[Listed entries]:
* * *

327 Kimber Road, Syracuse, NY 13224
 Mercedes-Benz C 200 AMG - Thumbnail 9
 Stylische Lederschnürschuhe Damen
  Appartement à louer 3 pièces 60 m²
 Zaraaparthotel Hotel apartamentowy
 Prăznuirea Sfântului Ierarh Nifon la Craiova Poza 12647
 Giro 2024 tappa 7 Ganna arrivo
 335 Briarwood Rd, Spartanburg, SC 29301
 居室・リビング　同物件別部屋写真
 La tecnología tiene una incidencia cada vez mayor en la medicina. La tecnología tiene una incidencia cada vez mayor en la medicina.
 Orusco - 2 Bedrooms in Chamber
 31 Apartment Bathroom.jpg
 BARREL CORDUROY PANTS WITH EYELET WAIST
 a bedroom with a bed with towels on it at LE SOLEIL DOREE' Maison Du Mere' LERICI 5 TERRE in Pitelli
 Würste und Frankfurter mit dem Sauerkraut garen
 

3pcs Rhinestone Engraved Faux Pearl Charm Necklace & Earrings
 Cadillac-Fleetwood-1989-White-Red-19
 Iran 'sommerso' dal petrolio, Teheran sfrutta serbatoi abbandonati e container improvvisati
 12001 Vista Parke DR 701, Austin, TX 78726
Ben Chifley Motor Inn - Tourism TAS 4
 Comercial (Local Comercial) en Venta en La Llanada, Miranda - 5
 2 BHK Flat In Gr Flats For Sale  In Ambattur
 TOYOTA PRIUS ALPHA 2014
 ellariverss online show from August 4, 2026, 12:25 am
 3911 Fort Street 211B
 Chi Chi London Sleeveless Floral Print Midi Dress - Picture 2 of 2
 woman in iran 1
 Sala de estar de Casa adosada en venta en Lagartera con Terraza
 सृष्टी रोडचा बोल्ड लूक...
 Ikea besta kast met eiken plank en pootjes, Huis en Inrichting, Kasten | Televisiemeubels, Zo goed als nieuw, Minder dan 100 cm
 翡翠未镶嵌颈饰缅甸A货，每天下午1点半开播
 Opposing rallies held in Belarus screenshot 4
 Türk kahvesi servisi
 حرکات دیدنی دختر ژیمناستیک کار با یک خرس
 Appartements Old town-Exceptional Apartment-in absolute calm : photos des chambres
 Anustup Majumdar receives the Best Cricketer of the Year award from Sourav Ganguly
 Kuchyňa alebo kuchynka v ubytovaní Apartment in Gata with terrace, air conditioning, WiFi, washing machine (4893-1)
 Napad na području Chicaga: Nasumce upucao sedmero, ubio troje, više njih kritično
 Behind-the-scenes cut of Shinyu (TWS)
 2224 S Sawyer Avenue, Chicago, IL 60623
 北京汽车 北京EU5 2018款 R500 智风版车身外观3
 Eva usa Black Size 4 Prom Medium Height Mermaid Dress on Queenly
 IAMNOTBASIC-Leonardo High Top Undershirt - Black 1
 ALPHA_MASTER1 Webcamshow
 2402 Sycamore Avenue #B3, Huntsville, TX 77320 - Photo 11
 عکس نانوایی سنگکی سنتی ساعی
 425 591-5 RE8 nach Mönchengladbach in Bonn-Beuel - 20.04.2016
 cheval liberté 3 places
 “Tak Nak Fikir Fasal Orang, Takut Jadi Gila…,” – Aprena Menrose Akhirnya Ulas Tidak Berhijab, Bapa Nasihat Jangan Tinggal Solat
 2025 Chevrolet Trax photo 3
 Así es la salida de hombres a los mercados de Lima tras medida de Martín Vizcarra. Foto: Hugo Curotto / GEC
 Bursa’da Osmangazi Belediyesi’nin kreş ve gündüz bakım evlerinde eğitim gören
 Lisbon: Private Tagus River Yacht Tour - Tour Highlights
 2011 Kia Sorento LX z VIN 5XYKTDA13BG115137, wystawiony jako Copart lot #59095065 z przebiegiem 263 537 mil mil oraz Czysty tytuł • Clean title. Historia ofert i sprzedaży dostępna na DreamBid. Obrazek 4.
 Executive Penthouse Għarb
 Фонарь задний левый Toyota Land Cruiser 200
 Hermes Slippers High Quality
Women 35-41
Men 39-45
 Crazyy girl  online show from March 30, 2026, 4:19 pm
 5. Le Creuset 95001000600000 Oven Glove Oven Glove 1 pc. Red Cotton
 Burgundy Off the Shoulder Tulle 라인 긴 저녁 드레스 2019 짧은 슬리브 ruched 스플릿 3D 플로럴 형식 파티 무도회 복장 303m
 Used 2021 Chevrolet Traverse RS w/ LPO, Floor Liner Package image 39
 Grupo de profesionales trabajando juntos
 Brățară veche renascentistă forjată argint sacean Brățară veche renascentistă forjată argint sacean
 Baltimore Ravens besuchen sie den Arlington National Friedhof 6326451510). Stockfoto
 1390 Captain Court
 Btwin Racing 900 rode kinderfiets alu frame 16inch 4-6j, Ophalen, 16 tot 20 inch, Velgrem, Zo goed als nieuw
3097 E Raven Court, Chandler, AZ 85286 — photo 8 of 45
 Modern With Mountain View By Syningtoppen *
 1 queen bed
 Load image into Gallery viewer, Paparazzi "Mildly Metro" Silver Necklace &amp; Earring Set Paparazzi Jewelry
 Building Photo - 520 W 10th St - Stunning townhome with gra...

* * *

[What the task asks]: Please write out, exactly as they appear, only the lines from the one holding "Burgundy Off the" through the end of the data.

[Written response]:
 Burgundy Off the Shoulder Tulle 라인 긴 저녁 드레스 2019 짧은 슬리브 ruched 스플릿 3D 플로럴 형식 파티 무도회 복장 303m
 Used 2021 Chevrolet Traverse RS w/ LPO, Floor Liner Package image 39
 Grupo de profesionales trabajando juntos
 Brățară veche renascentistă forjată argint sacean Brățară veche renascentistă forjată argint sacean
 Baltimore Ravens besuchen sie den Arlington National Friedhof 6326451510). Stockfoto
 1390 Captain Court
 Btwin Racing 900 rode kinderfiets alu frame 16inch 4-6j, Ophalen, 16 tot 20 inch, Velgrem, Zo goed als nieuw
3097 E Raven Court, Chandler, AZ 85286 — photo 8 of 45
 Modern With Mountain View By Syningtoppen *
 1 queen bed
 Load image into Gallery viewer, Paparazzi "Mildly Metro" Silver Necklace &amp; Earring Set Paparazzi Jewelry
 Building Photo - 520 W 10th St - Stunning townhome with gra...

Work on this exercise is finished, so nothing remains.